После урока глава йешивы подозвал меня и сказал: «Я вижу по твоему лицу, что ты все еще находишься в затруднении! У тебя есть какие-нибудь доказательства, которые не позволяют тебе принять мои ответы?» Я стал с ним спорить, но в конце концов согласился с его мнением. Утверждение ми́го и мой спор с главой йешивы принесли мне репутацию «умного» и «дерзкого» – и интересно, что из всего того урока я помню лишь этот эпизод…

В йешиве я приобрел себе доброе имя: меня называли «старательным», «въедливым», «знатоком», а также «просвещенным»! В то лето я успел завершить трактат «Нашим» («Назир» и «Сота») и трактат «Незикин» («Швуот»{276} и «Авода Зара»). Я придерживался своего правила: два листа в день во что бы то ни стало! Лишь однажды я нарушил это правило по отношению к трактату «Бава Меция»: я изучал его уже в третий раз и очень хорошо его знал. Мне было достаточно лишь просмотреть темы обсуждения к урокам р. Хаима и связать их с комментариями Рамбама, которые я постоянно изучал («Сефер мишпатим»), – законы сдачи в аренду, законы, связанные с ссудами и залогами, и законы, регулирующие отношения должника и кредитора. Но несмотря на это, моя учеба претерпела сильные изменения. Занятия стали гораздо менее интенсивными, в особенности после праздника Шавуот, во время которого я познакомился с членами кружка «Черное бюро» и даже распространял их листовки.

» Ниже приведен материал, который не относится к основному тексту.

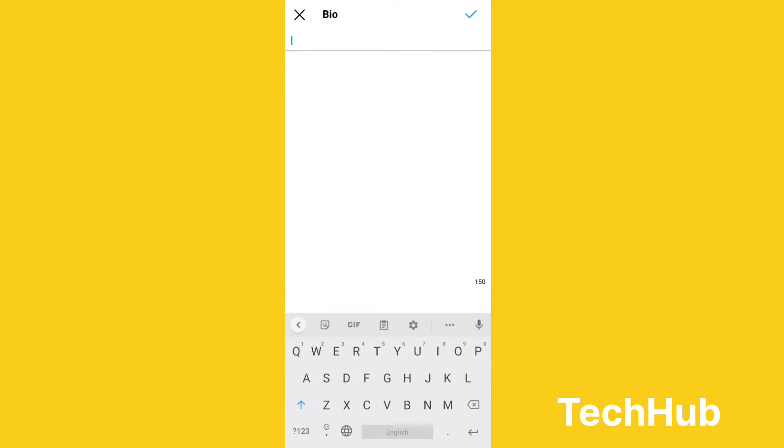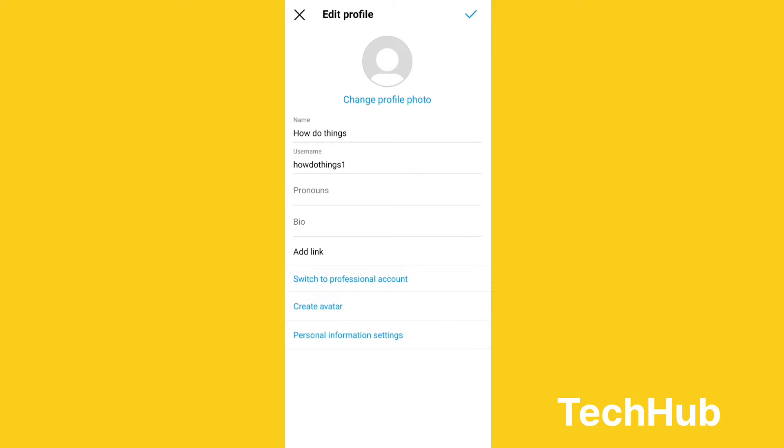The second thing you can do is go to your profile. When you click on your profile, you can add a bio and you can add your affiliate link in your bio.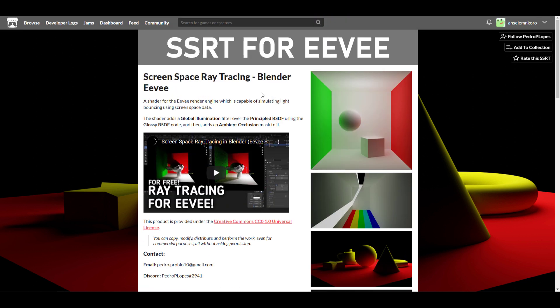What this shader does is it adds global illumination filter over the Principled BSDF using the Glossy BSDF node, and then it adds an ambient occlusion mask on it.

За несколько дней до Шавуота в Ковну приехал мой дядя-раввин, р. Элиэзер-Моше Мадиевский. Я ничего не знал о его приезде, пока однажды утром, после урока р. Хаима, он не пришел в йешиву. Это был раввин весьма благообразной наружности, походка у него была быстрая, стремительная и уверенная, взгляд пронзительный, и весь он – живой пример «благообразия, дарованного Торой», и «Торы и величия в одном человеке». Он вошел и сразу же направился к столу, за которым сидел я. Я был погружен в свой урок и не заметил его, пока он не остановился прямо напротив меня, а рядом с ним надзиратель. Я чувствовал, что сам его приход в йешиву призван, во-первых, продемонстрировать всем его хорошее отношение ко мне и, во-вторых, показать мне, что тот кризис в отношениях со мной, который наступил у него зимой, уже прошел. Он пригласил меня к себе в гостиницу «Догмар» и попросил надзирателя позволить мне отсутствовать на занятиях йешивы во время его непродолжительного визита в Ковну, поскольку он хотел провести эти дни вместе со мной. Надзиратель дал свое согласие, ибо «великим не принято отказывать», а мне в эти дни предстояло выступить в роли «верного помощника мудрецов». Кроме того, он не мог отказать подопечному, который «столь прилежен, что мы порой беспокоимся о его здоровье».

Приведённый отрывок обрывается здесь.